#### RECORDED INFORMATION

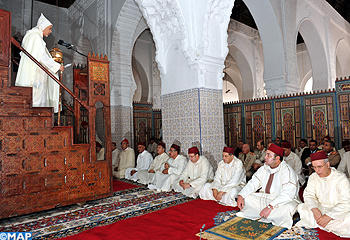 أمير المؤمنين يؤدي صلاة الجمعة بمسجد أبي العبلس السبتي بمدينة مراكش 5 أكتوبر 2012 أمير المؤمنين يؤدي صلاة الجمعة بمسجد أبي العبلس السبتي بمدينة مراكش 5 أكتوبر 2012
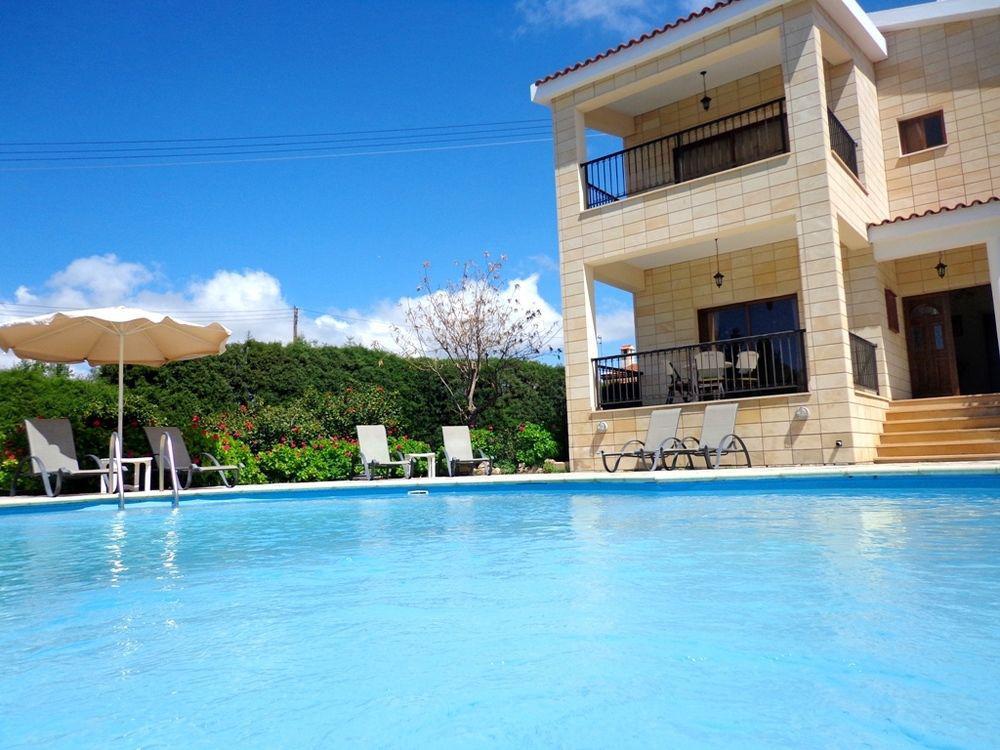 Villa Natasha Coral Bay Exterior photo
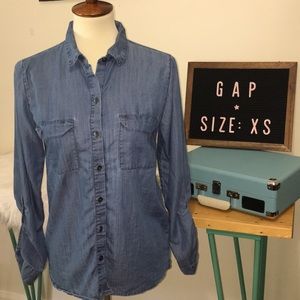 Gap denim button‎ down top size XS boyfriend fit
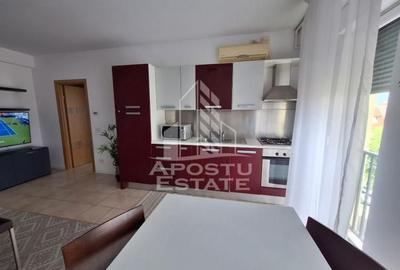 Apartament cu 2 camere semidecomandat, mobilat în Elisabetin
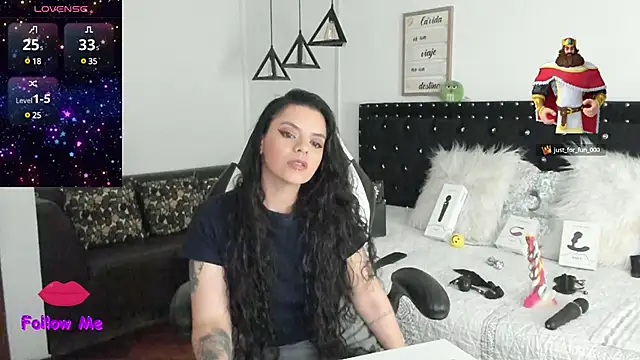 Snapshot of natasha_logan_ chatting on 02.04.25 natasha logan online show from 02.04.25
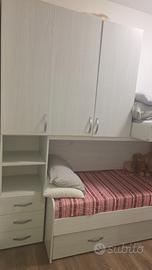 Cameretta tavolo sedie armadio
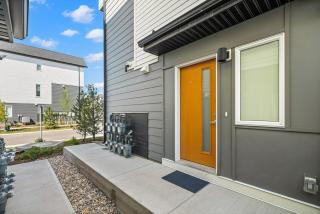 Skyview Ranch 3BR Home near Calgary Airport Lake Views Garage Family Friendly - 9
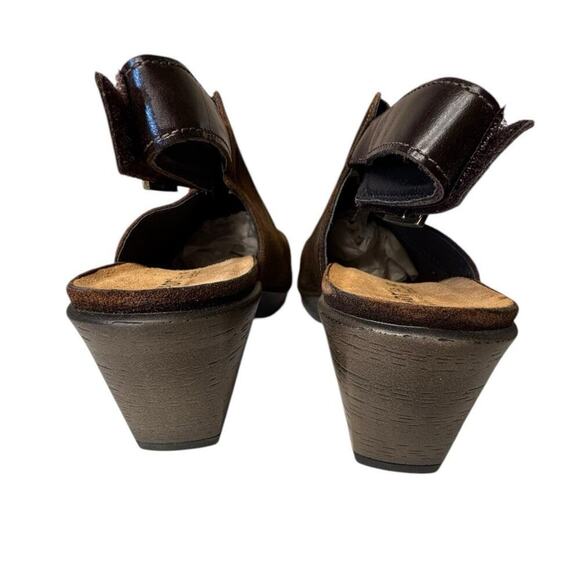 Naot NEW Upgrade Brown Suede Block Heel Slingback Clog US 11 Brown Distressed - Picture 3 of 7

########

Retype the data above exactly, dropping every picture.

## RESULT BELOW:
 أمير المؤمنين يؤدي صلاة الجمعة بمسجد أبي العبلس السبتي بمدينة مراكش 5 أكتوبر 2012 أمير المؤمنين يؤدي صلاة الجمعة بمسجد أبي العبلس السبتي بمدينة مراكش 5 أكتوبر 2012
 Villa Natasha Coral Bay Exterior photo
 Gap denim button‎ down top size XS boyfriend fit
 Apartament cu 2 camere semidecomandat, mobilat în Elisabetin
 Snapshot of natasha_logan_ chatting on 02.04.25 natasha logan online show from 02.04.25
 Cameretta tavolo sedie armadio
 Skyview Ranch 3BR Home near Calgary Airport Lake Views Garage Family Friendly - 9
 Naot NEW Upgrade Brown Suede Block Heel Slingback Clog US 11 Brown Distressed - Picture 3 of 7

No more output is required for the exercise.